__Your objective__. For the listing that follows, give again exactly the lines from the one with "Jumpsuit mit Stehkragen" to the one with "Nina Canacci - 4184", including both.

__Data section__.

------------------------

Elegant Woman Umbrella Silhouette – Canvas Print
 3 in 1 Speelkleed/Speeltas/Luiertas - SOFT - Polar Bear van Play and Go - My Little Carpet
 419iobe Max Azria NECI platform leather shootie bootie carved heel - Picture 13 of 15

------------------------

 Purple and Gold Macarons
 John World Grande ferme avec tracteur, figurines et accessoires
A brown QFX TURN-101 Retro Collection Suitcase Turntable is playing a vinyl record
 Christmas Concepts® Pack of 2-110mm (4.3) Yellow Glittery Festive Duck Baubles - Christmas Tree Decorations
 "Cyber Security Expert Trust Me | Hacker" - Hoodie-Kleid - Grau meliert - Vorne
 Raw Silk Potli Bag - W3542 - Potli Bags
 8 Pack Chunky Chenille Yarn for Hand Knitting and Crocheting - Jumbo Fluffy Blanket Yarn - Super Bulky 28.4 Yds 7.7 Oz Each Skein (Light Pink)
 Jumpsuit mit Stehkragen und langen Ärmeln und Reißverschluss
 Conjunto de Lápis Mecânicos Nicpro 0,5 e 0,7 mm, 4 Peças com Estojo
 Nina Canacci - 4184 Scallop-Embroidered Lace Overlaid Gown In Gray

------------------------

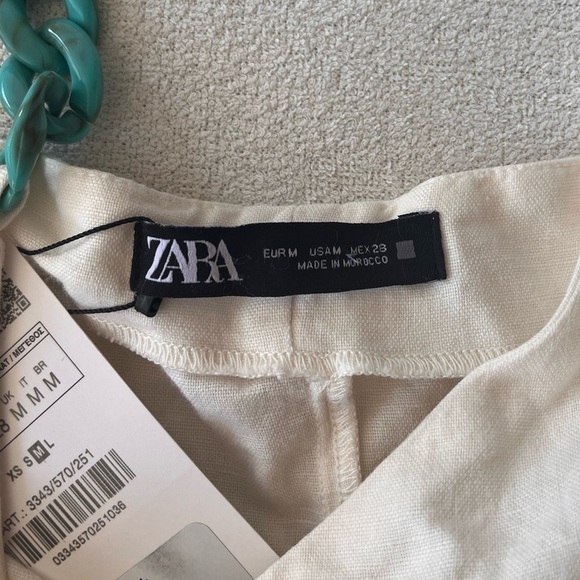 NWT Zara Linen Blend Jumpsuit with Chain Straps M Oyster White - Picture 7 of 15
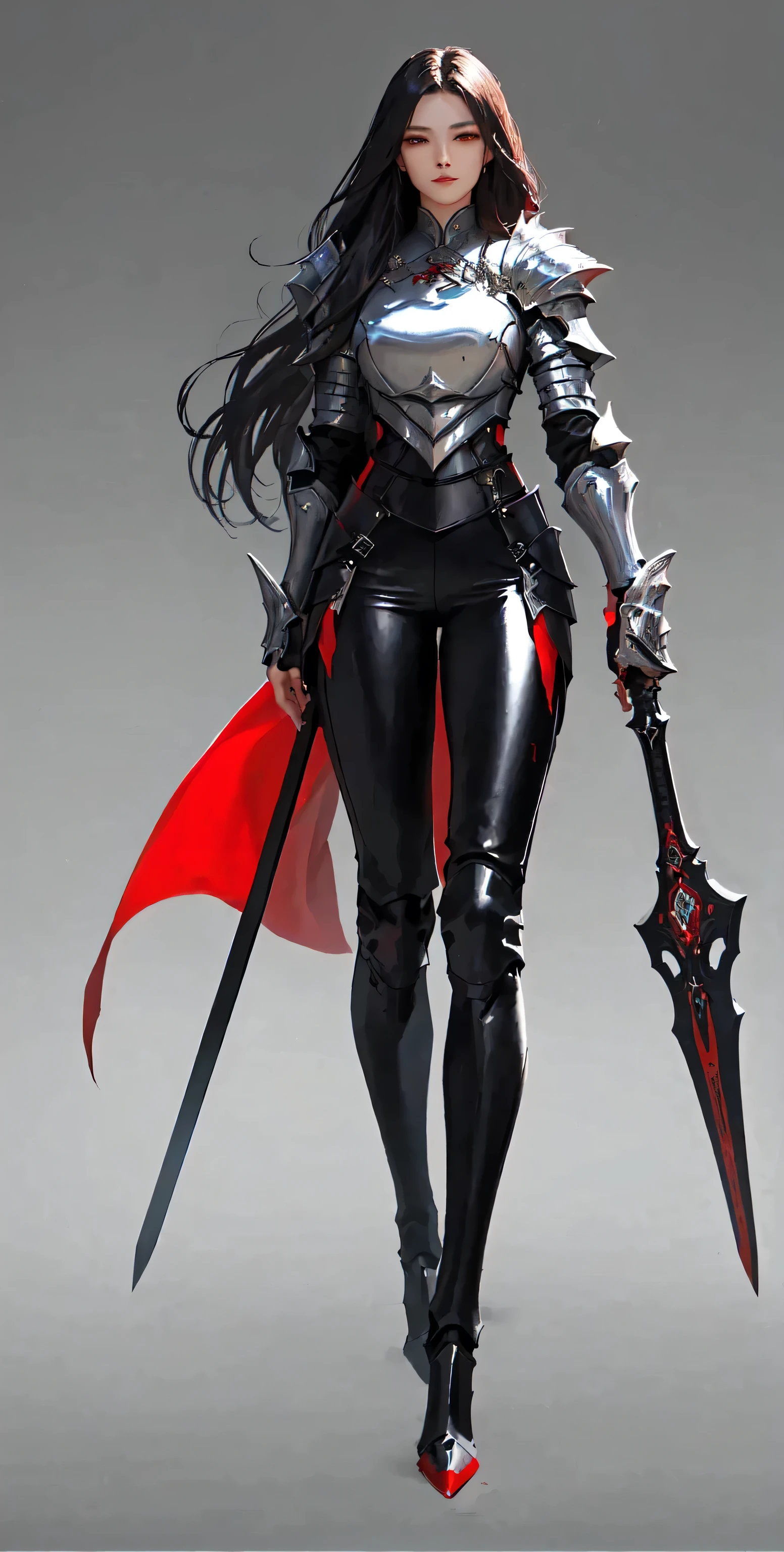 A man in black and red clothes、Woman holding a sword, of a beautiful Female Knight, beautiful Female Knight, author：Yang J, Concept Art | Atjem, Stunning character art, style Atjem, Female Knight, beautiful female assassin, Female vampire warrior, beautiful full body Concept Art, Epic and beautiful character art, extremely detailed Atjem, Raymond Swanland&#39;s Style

------------------------

__Exercise output__.
 Jumpsuit mit Stehkragen und langen Ärmeln und Reißverschluss
 Conjunto de Lápis Mecânicos Nicpro 0,5 e 0,7 mm, 4 Peças com Estojo
 Nina Canacci - 4184 Scallop-Embroidered Lace Overlaid Gown In Gray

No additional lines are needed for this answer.